如果 gpu 卡已经被其他虚拟机使用，类似下图，可以看到卡被某个虚拟机占用了。

如果某个卡没被占有，那么就可以给新的虚拟机使用了。

给需要的虚拟机增加PCI设备，选择gpu卡，添加pci 设备，选择前面的未使用bb:00卡，并选择 DirectPath IO 直通模式

在“虚拟机选项” →"高级" ->"配置参数"→ "编辑配置" 里面，添加如下参数

hypervisor.cpuid.v0=FALSE、 pciPassthru.64bitMMIOSizeGB =256、 pciPassthru.use64bitMMIO=TRUE

做完以上操作后，准备虚拟机开机。

物理机和虚拟机开机后工作

确认卡型号，下载对应驱动

开机后，检查 gpu 识别是否正常，并获取gpu卡id，用来查询卡型号及对应的驱动。

lspci |grep -i nvidia
13:00.0 3D controller: NVIDIA Corporation Device 26b9 (rev a1)

得到一个 26b9 的id。

打开这个网址，搜索确认一下

https://admin.pci-ids.ucw.cz/read/PC/10de/26b9

返回结果，得到卡型号 AD102GL [L40S]

根据查到的显卡 L40S 型号，到 nvidia 官网下载对应的驱动 https://www.nvidia.com/Download/index.aspx

如本次l40s 为数据中心版，搜索，并下载

https://www.nvidia.com/Download/driverResults.aspx/214066/en-us/

网页直接下载后上传或有卡的机器上直接下载均可。例如这次的

wget -t0 -c https://us.download.nvidia.com/XFree86/Linux-x86_64/535.104.05/NVIDIA-Linux-x86_64-535.104.05.run

其他准备工作

禁用nouveau

先看看禁用前的效果

lsmod | grep nouveau

禁用命令

echo "blacklist nouveau" > /etc/modprobe.d/denylist.conf

echo "options nouveau modeset=0" >> /etc/modprobe.d/denylist.conf

ps，根据虚拟机操作系统不同，有些微的差别，可参考 https://docs.nvidia.com/ai-enterprise/deployment-guide-vmware/0.1.0/nouveau.html

dracut --force
reboot

echo "blacklist nouveau" > /etc/modprobe.d/denylist.conf

echo "options nouveau modeset=0" >> /etc/modprobe.d/denylist.conf

ps，根据虚拟机操作系统不同，有些微的差别，可参考 https://docs.nvidia.com/ai-enterprise/deployment-guide-vmware/0.1.0/nouveau.html

dracut --force

reboot

重启后，再查看 lsmod | grep nouveau ，无任何输出了，禁用生效

有小伙伴问，为啥要禁用 nouveau，答案在官网readme，里面一段引用一下，大概是说非 nvidia 默认驱动有冲突，需要禁用。
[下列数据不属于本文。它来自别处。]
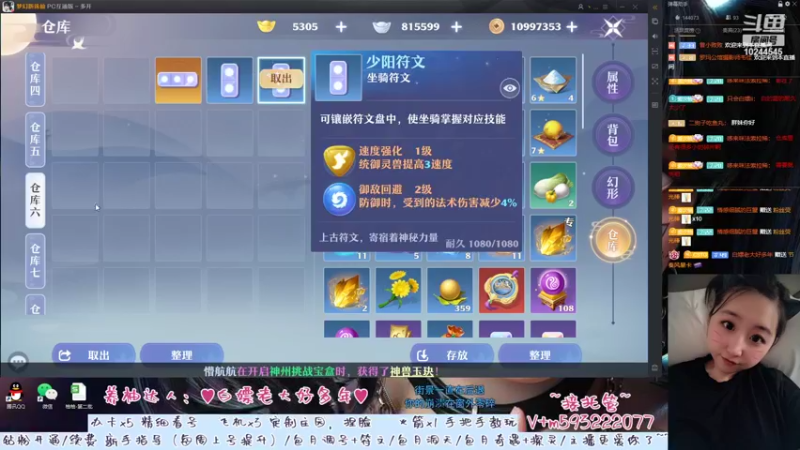 【2022-08-30 21点场】柚柚大魔王668：♥斗鱼试炼赛今晚10点开打♥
What is Nouveau, and why do I need to disable it?

Nouveau is a display driver for NVIDIA GPUs, developed as an open-source project through reverse-engineering of the NVIDIA driver. It ships with many current Linux distributions as the default display driver for NVIDIA hardware. It is not developed or supported by NVIDIA, and is not related to the NVIDIA driver, other than the fact that both Nouveau and the NVIDIA driver are capable of driving NVIDIA GPUs. Only one driver can control a GPU at a time, so if a GPU is being driven by the Nouveau driver, Nouveau must be disabled before installing the NVIDIA driver.

Nouveau performs modesets in the kernel. This can make disabling Nouveau difficult, as the kernel modeset is used to display a framebuffer console, which means that Nouveau will be in use even if X is not running. As long as Nouveau is in use, its kernel module cannot be unloaded, which will prevent the NVIDIA kernel module from loading. It is therefore important to make sure that Nouveau's kernel modesetting is disabled before installing the NVIDIA driver.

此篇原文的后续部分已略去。